A colmare la lacuna ci pensa Laura Luchetti, che al terzo lungometraggio recupera La bella estate (presentato all’ultimo Locarno Film Festival), racconto che dà il nome alla raccolta che valse a Pavese il Premio Strega del 1950. Più che un aggiornamento, ne dà una lettura contemporanea che esplora il testo con l’ambizione di andare al di là della sua illustrazione.
Quello di Luchetti è un corpo a corpo con Ginia, la giovane, timida, illibata protagonista colta nel suo racconto di formazione, che, nella Torino del 1938, lascia che la tranquillità di una vita “regolare” (proviene dalla campagna, lavora in un atelier, vive con il fratello operaio) si faccia terremotare dalla scoperta dell’ambiente bohémien cittadino. Più del pittore di cui si innamora, a scuoterla è Amelia, seducente modella destinata a soffrire, diversa da tutte le persone che Ginia abbia conosciuto in vita sua.
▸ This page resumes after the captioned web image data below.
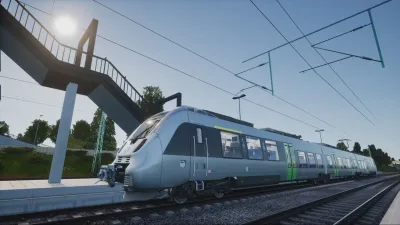 Train Sim World® 2: Rapid Transit — скриншот 4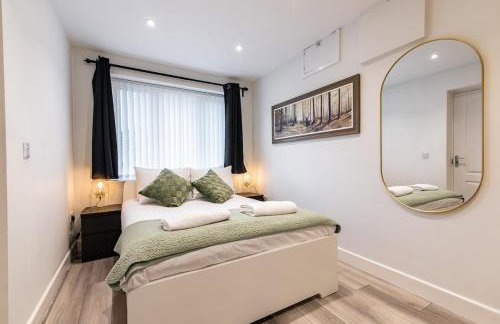 5 Bedroom Family & Contractor House in Nuthall, Nottingham - Sleeps 9 - By CircleWay Homes - Foto 15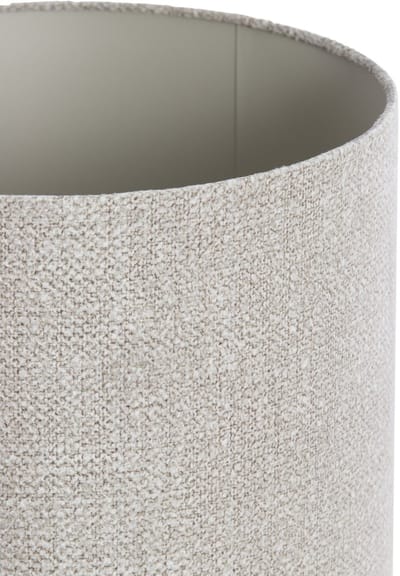 Kap - bruin - Brandy - textiel - Ø 25cm - E27 - 2225968 - Light & Living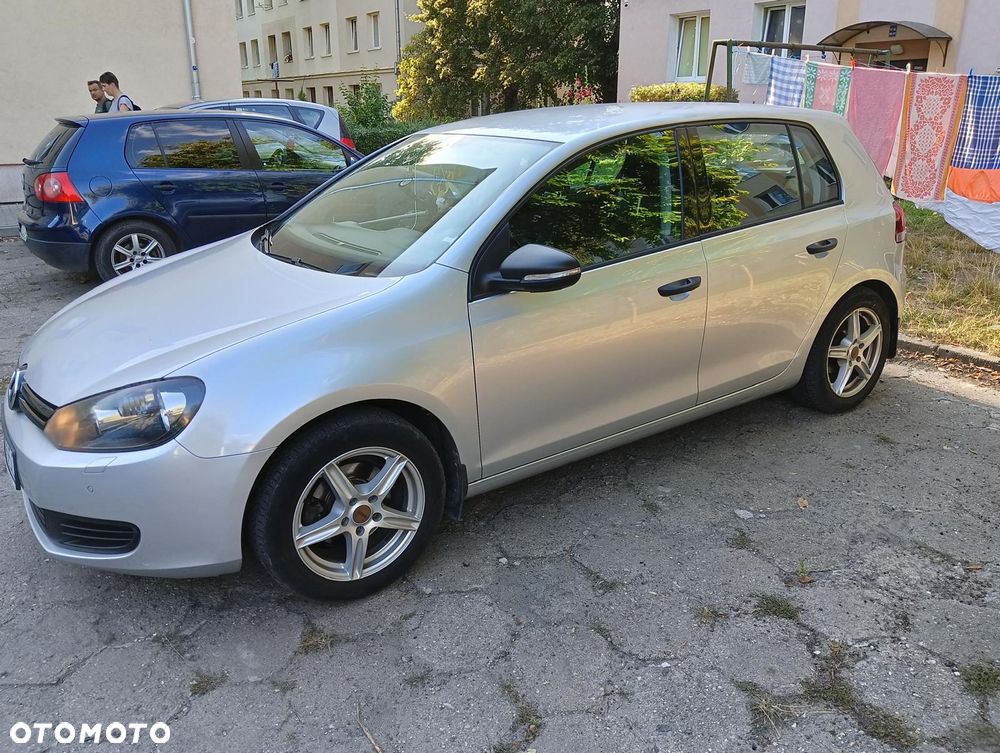 Volkswagen Golf 1.4 Trendline - 1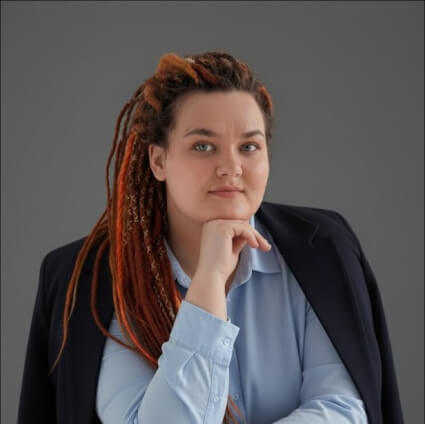 Наталия Гришина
Coming of age in purezza che contiene i temi cari a Pavese, La bella estate racconta il passaggio dall’adolescenza alla maturità attraverso la scoperta del desiderio (sessuale, d’accordo, ma anche culturale: la libertà del demi-monde in opposizione alle norme imposte dalla società borghese, la “noiosa” solidità morale della campagna intaccata dall’entusiasmante vita sregolata del sottobosco urbano) e la sua frustrazione (Ginia è più vulnerabile dei suoi nuovi amici, meno abituata a varcare limiti e confini, e non sa chiamare per nome ciò che prova).
Luchetti ricuce la verginità di Ginia sulla misura del corpo celeste dell’ottima Yile Yara Vianello, svelandone via via una sensualità imprevista (da desideranti si può diventare desideri) perché pura anche negli impacci, nei turbamenti, nelle paure di fronte alle varie prime volte: la goduria con cui fuma la sigaretta prima nemmeno presa in considerazione, lo spaesamento e perfino la delusione dopo il primo incontro sessuale, l’inatteso bacio con Amelia ripreso da lontano quasi per pudore, il ballo messo in scena come coreografia di un atto erotico.
Tuttavia, pur apprezzando la rarità di una storia al femminile, a La bella estate manca una vera tensione, un guizzo estetico davvero dirompente, uno slancio che faccia traghettare il film da una prima parte più descrittiva a una seconda più emotivamente coinvolgente. Luchetti “confeziona” bene: la fotografia di Diego Romero Suarez Llanos cerca la luce naturale, le musiche di Francesco Cerasi costruiscono un movimento, le scenografie di Giancarlo Muselli restituiscono un’epoca, i costumi di Maria Cristina La Parola fanno le veci degli interpreti. E però Deva Cassel è più decorativa che provocante, Torino si sente più nello scorrere delle stagioni che nella sua architettura austera, il metraggio dilata laddove si sarebbe potuto asciugare.